> [Your goal]
Only the lines below starting at the one containing "Fresh strawberry lemonade" and ending at the one containing "a living room" belong in the answer, each copied exactly.

**** Records for the exercise ****

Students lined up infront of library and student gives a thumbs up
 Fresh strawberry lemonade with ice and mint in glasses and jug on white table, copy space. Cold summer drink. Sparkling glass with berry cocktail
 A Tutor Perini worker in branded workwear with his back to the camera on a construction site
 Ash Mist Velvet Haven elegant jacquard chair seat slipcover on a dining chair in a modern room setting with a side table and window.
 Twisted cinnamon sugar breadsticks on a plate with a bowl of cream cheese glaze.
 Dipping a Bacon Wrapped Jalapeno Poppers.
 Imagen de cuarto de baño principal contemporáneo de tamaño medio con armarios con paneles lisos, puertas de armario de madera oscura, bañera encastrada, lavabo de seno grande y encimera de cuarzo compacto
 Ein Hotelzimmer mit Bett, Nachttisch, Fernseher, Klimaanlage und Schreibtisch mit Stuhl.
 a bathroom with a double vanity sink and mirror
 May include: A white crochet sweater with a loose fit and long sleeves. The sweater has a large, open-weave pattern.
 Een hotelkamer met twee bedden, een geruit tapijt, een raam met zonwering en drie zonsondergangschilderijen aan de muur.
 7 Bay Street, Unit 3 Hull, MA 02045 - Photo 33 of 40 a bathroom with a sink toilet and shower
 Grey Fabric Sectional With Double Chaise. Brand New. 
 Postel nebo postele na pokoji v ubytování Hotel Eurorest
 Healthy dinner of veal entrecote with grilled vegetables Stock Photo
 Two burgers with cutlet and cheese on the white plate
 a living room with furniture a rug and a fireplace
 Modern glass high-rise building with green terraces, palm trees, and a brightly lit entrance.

****

> [Expected output]
 Fresh strawberry lemonade with ice and mint in glasses and jug on white table, copy space. Cold summer drink. Sparkling glass with berry cocktail
 A Tutor Perini worker in branded workwear with his back to the camera on a construction site
 Ash Mist Velvet Haven elegant jacquard chair seat slipcover on a dining chair in a modern room setting with a side table and window.
 Twisted cinnamon sugar breadsticks on a plate with a bowl of cream cheese glaze.
 Dipping a Bacon Wrapped Jalapeno Poppers.
 Imagen de cuarto de baño principal contemporáneo de tamaño medio con armarios con paneles lisos, puertas de armario de madera oscura, bañera encastrada, lavabo de seno grande y encimera de cuarzo compacto
 Ein Hotelzimmer mit Bett, Nachttisch, Fernseher, Klimaanlage und Schreibtisch mit Stuhl.
 a bathroom with a double vanity sink and mirror
 May include: A white crochet sweater with a loose fit and long sleeves. The sweater has a large, open-weave pattern.
 Een hotelkamer met twee bedden, een geruit tapijt, een raam met zonwering en drie zonsondergangschilderijen aan de muur.
 7 Bay Street, Unit 3 Hull, MA 02045 - Photo 33 of 40 a bathroom with a sink toilet and shower
 Grey Fabric Sectional With Double Chaise. Brand New. 
 Postel nebo postele na pokoji v ubytování Hotel Eurorest
 Healthy dinner of veal entrecote with grilled vegetables Stock Photo
 Two burgers with cutlet and cheese on the white plate
 a living room with furniture a rug and a fireplace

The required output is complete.